Old-Growth Forest: Rochester’s Hidden Treasure

D) is a map of Whipple Park forest from 2005. The blue section is old-growth (>150 years old) surrounded by (the green section) second- growth forest (~50 years old).

D) is a map of Whipple Park forest from 2005. The blue section is old-growth (>150 years old) surrounded by (the green section) second- growth forest (~50 years old).

The University of Rochester’s South Campus notably consists of the Laboratory for Laser Energetics, Whipple Park, and the Alumni and Advancement Center. What is not quite as known to most is that South Campus is also home to an ecologically rich, biodiverse old-growth forest. An old-growth forest occurs when a forest has attained great age without significant disturbance and thus has unique ecological features.

As part of a larger analysis of old-growth forest land across Monroe County, Assistant Professor Justin Ramsey and Research Associate Tara Ramsey of the University of Rochester Biology Department have spent several years studying the South Campus area (or as they call it, the Whipple Woods). The Ramseys, joined by student field crews, have conducted extensive site surveys and data collection to research the distribution of plant life in the forest. According to Mr. Ramsey, Monroe County has a surprising amount of quality old-growth forest, which is very rare in our age of development and land clearing. Among the 24 old-growth properties that the Ramseys have studied in the area, Whipple Woods was found to be most noteworthy for its plant diversity with the highest species richness.

The Ramseys emphasize the value of the Whipple Woods for teaching efforts, field trips, and recreational activities. In 2010, the Ramseys received a National Science Foundation grant to fund their research. The grant supported their research, allowing them to focus on plants, education, and forests all around Rochester. As Justin Ramsey says, “[The Whipple Woods] is an amazing place ecologically and nobody knows that.”

Beyond the study of plant distribution and genetics, the Ramsey crew built trails, enacted controls on certain invasive plants, and served to manage the Whipple Woods. The trails benefit the area by keeping people off sensitive areas that would be damaged from being stepped on and disturbed. Through their studies, they discovered that there are many old growth spots and as Justin Ramsey said, “Monroe County is an ecological goldmine.”  These sites contain diverse plant life and very large trees that in some cases starting growing 250-300 years ago, well before European settlers arrived in Rochester.

Justin and Tara Ramsey, and their dog Hiesey

A fond memory the ecology couple will hold is that for the past three summers, 10-15 students would meet at their house each morning to gather field equipment and then depart together to old-growth forest sites across Rochester. At the time, there were relatively few opportunities for ecological research at the University, and it was easy to attract a group of very smart and hard-working students.  The large field crew was able to accomplish many projects and along the way the Ramseys got to know them well. In the Ramseys’ words, “We have really loved working with U of R undergraduates, who are among the nicest and most interesting students that we’ve ever met.”
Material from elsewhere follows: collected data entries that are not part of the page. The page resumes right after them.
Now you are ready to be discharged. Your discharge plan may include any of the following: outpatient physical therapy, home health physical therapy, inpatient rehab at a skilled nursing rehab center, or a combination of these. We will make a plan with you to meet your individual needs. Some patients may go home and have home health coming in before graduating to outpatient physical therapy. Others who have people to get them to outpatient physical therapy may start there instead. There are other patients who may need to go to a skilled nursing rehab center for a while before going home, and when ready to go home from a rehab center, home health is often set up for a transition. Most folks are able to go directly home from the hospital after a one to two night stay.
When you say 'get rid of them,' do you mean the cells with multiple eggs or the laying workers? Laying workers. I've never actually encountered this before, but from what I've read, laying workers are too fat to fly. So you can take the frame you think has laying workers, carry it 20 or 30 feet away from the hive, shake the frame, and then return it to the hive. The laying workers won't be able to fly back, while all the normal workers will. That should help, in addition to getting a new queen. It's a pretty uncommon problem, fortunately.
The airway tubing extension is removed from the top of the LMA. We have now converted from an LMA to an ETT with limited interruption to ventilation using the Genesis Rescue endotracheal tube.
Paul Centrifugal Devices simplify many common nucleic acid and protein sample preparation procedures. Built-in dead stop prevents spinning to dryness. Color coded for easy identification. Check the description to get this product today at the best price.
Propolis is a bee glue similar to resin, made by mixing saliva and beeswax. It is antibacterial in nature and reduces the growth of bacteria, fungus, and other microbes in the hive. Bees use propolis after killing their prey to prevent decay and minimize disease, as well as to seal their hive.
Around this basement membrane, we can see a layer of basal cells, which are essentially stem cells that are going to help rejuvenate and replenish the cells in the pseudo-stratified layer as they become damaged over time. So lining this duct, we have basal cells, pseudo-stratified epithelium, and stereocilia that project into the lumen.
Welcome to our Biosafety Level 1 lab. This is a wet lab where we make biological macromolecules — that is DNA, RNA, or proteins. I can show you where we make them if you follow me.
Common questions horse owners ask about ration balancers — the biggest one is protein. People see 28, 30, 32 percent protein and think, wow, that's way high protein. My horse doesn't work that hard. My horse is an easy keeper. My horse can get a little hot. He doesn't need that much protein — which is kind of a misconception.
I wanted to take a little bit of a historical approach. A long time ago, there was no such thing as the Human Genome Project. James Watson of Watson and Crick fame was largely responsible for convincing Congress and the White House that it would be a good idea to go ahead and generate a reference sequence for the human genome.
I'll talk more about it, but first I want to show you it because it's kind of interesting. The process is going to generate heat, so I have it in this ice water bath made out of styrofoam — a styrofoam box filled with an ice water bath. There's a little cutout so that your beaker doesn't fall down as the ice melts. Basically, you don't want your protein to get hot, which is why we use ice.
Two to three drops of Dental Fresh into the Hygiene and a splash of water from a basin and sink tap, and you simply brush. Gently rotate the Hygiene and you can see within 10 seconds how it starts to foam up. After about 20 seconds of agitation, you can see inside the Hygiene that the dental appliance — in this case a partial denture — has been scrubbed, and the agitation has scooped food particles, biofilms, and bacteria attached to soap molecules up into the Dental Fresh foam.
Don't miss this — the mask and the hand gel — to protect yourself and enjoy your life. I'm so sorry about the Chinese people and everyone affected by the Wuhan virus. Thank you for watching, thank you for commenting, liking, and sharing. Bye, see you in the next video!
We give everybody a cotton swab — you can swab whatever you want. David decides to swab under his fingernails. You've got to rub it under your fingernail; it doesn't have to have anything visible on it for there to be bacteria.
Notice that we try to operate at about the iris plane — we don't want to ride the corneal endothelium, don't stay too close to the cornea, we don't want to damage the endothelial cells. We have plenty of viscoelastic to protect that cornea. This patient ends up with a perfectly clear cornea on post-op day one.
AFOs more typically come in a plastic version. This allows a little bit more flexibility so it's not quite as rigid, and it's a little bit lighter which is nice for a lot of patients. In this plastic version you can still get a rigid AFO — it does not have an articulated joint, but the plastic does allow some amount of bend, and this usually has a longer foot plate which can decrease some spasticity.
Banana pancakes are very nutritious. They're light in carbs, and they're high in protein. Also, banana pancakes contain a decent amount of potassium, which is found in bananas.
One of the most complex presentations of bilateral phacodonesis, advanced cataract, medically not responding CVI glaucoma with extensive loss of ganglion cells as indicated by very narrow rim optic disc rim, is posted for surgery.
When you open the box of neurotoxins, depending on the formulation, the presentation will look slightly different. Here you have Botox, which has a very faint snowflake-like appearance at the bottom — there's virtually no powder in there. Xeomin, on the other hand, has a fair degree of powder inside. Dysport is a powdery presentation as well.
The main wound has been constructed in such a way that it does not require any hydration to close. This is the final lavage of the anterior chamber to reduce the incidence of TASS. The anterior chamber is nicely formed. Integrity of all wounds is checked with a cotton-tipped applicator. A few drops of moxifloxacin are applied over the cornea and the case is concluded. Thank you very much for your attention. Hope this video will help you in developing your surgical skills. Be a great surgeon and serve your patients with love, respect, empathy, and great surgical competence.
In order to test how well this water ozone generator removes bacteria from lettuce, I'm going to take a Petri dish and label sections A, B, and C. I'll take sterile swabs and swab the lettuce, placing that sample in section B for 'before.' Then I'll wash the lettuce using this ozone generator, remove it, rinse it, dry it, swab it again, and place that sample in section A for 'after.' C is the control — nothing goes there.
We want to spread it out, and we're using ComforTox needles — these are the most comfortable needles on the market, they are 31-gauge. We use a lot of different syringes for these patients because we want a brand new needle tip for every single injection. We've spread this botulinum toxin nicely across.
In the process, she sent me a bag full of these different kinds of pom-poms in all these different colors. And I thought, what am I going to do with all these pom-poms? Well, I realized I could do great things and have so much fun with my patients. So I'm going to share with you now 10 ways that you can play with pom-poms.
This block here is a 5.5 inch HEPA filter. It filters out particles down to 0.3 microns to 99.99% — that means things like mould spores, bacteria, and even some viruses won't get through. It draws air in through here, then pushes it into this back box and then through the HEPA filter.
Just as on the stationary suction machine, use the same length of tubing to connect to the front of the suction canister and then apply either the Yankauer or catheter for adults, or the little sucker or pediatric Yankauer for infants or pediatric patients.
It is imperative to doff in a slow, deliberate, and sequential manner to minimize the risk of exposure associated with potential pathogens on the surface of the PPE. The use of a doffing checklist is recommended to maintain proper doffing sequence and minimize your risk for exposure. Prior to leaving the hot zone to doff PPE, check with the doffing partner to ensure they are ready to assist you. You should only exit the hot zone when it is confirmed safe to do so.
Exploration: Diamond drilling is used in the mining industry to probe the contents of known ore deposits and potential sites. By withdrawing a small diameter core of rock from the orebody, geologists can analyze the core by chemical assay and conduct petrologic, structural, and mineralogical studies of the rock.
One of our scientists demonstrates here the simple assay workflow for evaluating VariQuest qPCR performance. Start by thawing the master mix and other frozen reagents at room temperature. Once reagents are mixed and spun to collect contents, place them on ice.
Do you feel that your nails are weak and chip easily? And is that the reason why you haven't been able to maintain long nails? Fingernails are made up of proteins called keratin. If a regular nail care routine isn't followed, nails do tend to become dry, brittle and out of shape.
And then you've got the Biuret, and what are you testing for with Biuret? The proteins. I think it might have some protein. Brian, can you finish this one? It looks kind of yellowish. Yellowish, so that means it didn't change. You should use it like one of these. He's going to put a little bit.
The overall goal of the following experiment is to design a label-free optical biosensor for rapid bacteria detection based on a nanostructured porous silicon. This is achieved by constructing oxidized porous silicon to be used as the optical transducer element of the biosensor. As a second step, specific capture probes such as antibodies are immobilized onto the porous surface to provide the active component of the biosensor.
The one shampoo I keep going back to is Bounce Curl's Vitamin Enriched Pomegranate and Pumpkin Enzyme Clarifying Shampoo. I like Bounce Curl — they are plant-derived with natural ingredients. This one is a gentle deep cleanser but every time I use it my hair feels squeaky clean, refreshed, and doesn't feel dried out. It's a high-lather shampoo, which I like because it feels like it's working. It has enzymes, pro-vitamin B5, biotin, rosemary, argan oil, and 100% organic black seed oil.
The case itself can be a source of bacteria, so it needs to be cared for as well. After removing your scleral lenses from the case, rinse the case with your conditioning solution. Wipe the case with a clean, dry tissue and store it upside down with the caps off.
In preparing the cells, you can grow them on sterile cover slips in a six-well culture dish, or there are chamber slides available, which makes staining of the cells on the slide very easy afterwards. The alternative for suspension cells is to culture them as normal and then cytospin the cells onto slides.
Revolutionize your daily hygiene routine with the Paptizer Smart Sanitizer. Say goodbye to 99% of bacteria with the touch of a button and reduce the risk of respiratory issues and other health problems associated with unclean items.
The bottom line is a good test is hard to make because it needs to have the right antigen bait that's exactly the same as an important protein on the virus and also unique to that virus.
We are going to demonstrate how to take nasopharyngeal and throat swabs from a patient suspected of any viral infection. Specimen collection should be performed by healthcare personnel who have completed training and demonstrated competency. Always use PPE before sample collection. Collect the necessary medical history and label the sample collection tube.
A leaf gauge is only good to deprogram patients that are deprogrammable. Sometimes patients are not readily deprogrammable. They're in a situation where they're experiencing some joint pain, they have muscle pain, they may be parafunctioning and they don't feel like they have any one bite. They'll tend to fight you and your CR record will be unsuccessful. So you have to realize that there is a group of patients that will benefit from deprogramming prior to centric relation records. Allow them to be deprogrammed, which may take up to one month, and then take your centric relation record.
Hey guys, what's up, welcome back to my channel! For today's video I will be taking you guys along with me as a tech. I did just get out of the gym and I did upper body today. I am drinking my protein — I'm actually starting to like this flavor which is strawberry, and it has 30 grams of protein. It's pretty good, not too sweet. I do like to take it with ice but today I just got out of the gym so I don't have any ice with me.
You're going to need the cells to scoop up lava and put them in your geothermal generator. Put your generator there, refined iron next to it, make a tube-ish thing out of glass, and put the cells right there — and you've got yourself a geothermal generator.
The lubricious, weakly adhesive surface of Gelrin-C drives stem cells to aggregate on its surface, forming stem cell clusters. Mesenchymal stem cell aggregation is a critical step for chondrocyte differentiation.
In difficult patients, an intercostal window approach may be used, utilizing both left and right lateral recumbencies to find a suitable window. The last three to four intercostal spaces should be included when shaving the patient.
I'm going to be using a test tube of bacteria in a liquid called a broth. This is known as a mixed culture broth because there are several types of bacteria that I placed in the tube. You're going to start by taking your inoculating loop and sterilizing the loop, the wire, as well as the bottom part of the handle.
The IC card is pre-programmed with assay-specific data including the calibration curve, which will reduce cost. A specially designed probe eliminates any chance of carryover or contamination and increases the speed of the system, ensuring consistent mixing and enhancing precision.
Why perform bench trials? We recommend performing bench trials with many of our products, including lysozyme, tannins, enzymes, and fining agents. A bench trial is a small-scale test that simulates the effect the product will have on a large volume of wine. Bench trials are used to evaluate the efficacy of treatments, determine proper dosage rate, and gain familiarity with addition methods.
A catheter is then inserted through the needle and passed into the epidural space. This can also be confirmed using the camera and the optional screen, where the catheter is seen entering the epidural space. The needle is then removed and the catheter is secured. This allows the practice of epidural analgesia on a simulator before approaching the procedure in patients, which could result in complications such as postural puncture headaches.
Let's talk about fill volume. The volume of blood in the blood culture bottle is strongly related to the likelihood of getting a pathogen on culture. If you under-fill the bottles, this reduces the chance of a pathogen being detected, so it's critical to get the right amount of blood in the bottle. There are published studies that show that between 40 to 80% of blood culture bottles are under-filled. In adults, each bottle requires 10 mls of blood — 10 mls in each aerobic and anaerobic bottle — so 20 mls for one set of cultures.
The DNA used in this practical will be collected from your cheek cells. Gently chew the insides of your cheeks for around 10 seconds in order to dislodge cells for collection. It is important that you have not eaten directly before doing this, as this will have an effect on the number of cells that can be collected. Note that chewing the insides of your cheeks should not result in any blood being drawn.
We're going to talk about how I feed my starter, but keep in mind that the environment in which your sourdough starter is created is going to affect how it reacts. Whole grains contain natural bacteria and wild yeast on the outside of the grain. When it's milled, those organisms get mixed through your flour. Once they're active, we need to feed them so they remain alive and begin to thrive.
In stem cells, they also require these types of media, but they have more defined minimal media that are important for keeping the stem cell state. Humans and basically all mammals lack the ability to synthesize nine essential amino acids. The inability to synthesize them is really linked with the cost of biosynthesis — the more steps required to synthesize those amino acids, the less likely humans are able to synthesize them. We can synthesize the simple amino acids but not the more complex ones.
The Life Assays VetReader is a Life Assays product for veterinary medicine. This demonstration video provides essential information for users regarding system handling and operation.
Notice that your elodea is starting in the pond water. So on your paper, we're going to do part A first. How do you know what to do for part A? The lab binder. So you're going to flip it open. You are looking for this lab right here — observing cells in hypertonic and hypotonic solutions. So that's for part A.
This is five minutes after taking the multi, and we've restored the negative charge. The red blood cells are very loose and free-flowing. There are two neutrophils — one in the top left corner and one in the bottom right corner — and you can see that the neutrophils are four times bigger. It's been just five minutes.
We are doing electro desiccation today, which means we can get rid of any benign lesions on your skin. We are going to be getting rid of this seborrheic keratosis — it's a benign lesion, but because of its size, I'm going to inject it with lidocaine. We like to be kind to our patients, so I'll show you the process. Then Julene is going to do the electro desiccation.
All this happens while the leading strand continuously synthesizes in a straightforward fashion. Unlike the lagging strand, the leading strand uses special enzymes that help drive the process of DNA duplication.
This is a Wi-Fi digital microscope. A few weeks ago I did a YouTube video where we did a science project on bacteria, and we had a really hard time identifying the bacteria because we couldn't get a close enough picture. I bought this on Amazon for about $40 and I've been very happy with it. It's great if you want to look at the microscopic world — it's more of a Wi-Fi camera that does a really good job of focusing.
At the end of June 2013, the Ramseys will be leaving the University. For many students, the Ramsey lab was an opportunity to study ecology and plant diversity outside of the classroom. For the future, the Ramseys recommend similarly interested students study abroad, particularly in New Zealand, South Africa, and Australia. Off-campus research opportunities and REUs (Research Experiences for Undergraduates) provide invaluable interactions with real researchers. As RIT is switching from a quarter system to a semester system that parallels the University of Rochester academic schedule, this may open the potential for students here to take classes at RIT and vice versa, including those on ecology.

We encourage students and the greater University community to visit the unique, ecologically valuable site for both educational and recreational purposes.  For maps and much, much more about the Whipple Woods and the Ramseys’ research, visit to their website Ramseylab.org .

By Alanna Scheinerman, Class of 2013

2 Comments on “Old-Growth Forest: Rochester’s Hidden Treasure

  1. Marcia- Thanks for your interest. Professor Ramsey is actually no longer with the University, however we have forwarded your message to him.

    Thanks,
    Amy

  2. Hello,

    I am a retired MSc. biogeographer from Toronto, moving to Rochester in the near future.

    I am very interested in helping with work on Rochester’s old growth forests. I did my Master’s on the application of island biogeographical theory to urban fringe old growth woodlots.

    Do you think I could be of assistance?